Work to complete: From the records below, set down exactly the lines starting with the line that contains "1851 McCoy Avenue photo 33" and going on through the line that contains "Townhouse Estepona Málaga - image 10". Nothing else is wanted.

Segment Start: The data

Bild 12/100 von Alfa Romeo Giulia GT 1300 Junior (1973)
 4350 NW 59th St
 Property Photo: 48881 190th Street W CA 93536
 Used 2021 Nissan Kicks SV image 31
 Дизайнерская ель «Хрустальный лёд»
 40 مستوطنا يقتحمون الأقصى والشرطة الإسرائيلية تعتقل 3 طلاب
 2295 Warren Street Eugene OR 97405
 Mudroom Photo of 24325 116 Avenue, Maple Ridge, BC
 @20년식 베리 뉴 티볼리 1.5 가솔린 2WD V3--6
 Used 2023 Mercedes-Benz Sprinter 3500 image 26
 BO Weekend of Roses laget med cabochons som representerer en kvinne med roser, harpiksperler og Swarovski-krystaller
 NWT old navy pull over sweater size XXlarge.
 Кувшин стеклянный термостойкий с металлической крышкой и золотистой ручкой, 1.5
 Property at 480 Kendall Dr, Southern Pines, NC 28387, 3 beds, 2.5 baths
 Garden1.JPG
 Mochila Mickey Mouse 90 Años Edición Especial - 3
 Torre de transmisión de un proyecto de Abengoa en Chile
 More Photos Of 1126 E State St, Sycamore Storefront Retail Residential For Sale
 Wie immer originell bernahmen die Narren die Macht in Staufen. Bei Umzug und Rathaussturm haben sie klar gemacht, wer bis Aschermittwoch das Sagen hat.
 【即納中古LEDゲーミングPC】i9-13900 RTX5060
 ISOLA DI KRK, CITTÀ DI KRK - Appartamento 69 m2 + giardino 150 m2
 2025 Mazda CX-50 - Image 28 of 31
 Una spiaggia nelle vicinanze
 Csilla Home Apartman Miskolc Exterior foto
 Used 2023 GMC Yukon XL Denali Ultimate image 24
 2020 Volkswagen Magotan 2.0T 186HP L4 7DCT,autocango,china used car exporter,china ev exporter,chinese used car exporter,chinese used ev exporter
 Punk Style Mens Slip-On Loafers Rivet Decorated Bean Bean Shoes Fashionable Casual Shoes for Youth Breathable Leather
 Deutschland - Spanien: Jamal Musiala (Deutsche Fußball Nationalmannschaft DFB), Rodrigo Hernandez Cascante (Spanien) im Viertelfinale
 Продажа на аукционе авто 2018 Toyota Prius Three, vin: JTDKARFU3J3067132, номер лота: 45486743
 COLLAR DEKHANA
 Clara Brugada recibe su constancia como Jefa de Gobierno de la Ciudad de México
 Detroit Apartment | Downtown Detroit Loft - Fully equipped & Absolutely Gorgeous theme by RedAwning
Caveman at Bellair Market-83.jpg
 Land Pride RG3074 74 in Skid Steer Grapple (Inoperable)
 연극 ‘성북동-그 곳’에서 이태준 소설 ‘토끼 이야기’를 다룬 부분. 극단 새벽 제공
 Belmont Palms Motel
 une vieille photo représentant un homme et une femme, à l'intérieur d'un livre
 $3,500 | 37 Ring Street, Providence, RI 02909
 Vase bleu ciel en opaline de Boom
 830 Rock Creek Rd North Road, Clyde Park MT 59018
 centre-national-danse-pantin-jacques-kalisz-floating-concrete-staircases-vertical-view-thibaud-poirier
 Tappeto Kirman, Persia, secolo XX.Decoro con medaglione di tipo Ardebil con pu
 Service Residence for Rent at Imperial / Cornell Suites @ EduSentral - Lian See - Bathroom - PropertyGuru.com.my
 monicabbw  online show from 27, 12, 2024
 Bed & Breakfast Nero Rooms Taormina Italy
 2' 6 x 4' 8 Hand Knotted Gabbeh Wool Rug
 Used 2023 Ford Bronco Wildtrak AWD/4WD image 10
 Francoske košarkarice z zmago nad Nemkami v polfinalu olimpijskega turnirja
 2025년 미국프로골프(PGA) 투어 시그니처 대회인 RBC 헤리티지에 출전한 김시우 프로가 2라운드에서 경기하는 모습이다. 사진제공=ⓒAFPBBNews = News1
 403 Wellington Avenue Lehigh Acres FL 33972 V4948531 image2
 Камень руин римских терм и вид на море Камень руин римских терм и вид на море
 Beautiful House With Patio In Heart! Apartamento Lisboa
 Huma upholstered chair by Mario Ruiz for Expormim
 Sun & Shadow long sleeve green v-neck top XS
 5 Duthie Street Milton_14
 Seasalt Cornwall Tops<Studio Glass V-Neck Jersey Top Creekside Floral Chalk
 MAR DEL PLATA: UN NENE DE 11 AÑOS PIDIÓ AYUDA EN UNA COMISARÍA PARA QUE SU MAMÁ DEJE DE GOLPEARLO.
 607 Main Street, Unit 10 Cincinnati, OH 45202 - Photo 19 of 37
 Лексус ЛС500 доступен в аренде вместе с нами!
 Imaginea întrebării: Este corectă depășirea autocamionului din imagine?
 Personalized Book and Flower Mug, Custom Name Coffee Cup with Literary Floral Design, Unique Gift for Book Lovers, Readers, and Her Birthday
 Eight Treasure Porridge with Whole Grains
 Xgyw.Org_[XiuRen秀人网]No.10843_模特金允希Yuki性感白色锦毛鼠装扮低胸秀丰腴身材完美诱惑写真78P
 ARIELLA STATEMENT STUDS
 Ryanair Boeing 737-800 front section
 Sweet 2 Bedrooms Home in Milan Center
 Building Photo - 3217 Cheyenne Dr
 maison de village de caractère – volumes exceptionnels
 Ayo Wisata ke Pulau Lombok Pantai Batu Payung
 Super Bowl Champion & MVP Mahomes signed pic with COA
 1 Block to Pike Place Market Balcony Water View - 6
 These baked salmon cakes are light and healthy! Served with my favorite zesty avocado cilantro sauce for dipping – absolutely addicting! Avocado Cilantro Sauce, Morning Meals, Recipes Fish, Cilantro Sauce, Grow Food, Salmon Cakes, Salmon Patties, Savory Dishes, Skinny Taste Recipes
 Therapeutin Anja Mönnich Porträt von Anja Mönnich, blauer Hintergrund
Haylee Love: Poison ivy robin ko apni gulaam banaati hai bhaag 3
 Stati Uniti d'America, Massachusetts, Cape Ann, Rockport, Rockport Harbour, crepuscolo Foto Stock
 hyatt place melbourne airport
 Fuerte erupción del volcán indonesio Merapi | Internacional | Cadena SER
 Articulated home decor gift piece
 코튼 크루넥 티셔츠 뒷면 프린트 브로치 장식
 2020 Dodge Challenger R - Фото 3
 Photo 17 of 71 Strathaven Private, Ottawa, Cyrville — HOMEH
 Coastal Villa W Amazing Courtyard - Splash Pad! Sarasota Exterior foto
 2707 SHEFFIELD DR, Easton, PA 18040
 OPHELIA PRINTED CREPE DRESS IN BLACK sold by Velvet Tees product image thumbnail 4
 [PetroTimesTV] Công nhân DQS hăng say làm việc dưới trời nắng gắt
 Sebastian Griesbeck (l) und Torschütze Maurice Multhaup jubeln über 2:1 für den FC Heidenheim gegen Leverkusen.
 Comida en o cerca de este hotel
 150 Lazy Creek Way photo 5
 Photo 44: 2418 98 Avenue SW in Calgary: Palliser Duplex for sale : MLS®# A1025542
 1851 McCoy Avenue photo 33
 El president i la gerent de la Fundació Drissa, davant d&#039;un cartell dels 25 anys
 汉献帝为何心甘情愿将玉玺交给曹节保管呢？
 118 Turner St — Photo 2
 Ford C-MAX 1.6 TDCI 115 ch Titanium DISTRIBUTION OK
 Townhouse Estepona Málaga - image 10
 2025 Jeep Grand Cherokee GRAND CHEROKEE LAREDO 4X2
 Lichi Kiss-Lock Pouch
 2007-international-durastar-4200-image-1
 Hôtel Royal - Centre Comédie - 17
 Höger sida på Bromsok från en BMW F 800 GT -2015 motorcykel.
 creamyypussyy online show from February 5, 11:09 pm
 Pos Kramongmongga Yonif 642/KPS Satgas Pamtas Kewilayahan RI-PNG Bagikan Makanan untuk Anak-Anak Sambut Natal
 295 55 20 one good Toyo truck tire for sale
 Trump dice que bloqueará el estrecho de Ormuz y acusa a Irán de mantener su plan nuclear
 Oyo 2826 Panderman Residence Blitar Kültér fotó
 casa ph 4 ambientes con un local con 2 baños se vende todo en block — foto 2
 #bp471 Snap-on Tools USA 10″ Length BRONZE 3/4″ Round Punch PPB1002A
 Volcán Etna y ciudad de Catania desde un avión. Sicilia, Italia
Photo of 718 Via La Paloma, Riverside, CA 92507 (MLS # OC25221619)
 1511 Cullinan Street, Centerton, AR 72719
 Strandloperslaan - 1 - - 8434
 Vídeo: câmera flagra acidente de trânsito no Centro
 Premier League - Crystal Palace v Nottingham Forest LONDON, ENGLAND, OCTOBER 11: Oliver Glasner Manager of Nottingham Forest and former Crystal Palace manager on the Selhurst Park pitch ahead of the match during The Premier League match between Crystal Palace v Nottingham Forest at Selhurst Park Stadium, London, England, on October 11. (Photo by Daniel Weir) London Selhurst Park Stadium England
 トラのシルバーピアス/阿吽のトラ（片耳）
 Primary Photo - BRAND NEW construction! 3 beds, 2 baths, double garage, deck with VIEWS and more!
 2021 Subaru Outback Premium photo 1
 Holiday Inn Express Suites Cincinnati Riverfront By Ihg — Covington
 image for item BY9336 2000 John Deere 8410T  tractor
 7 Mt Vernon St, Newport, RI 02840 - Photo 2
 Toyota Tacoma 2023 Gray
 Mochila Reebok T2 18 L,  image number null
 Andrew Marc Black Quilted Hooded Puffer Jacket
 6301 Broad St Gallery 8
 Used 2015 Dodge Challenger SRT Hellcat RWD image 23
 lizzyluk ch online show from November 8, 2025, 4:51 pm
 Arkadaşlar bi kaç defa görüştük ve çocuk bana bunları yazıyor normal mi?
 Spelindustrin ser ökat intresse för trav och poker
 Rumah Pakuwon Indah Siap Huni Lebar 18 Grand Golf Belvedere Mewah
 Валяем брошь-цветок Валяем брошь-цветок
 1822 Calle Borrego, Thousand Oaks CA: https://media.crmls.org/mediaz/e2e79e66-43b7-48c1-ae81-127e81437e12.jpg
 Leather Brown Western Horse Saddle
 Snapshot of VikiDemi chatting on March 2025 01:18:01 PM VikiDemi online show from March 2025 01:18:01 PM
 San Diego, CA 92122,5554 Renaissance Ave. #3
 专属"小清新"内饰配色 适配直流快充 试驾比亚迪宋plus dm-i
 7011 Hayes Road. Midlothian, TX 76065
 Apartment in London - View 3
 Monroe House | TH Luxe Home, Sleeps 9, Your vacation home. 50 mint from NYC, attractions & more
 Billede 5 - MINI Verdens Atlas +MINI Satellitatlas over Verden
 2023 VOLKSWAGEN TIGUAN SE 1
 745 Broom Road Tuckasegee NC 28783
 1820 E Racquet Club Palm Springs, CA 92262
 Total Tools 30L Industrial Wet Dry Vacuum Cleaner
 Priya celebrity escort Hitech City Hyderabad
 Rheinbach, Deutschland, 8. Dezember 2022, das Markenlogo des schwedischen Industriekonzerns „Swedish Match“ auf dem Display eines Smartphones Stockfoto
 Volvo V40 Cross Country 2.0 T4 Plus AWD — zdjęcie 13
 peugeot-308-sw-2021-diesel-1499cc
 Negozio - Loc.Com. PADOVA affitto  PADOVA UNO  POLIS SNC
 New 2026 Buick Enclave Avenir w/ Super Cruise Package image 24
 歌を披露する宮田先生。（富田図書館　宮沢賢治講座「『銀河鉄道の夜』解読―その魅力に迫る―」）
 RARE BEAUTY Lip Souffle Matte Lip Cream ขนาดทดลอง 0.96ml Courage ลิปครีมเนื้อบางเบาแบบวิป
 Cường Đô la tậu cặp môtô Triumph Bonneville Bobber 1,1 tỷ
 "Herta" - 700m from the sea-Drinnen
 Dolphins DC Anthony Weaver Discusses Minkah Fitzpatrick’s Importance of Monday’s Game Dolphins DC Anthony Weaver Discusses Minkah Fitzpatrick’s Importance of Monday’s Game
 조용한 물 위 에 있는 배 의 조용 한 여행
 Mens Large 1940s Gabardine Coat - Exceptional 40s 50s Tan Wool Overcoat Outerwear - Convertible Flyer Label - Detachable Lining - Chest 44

Segment End: The data

Result:
 1851 McCoy Avenue photo 33
 El president i la gerent de la Fundació Drissa, davant d&#039;un cartell dels 25 anys
 汉献帝为何心甘情愿将玉玺交给曹节保管呢？
 118 Turner St — Photo 2
 Ford C-MAX 1.6 TDCI 115 ch Titanium DISTRIBUTION OK
 Townhouse Estepona Málaga - image 10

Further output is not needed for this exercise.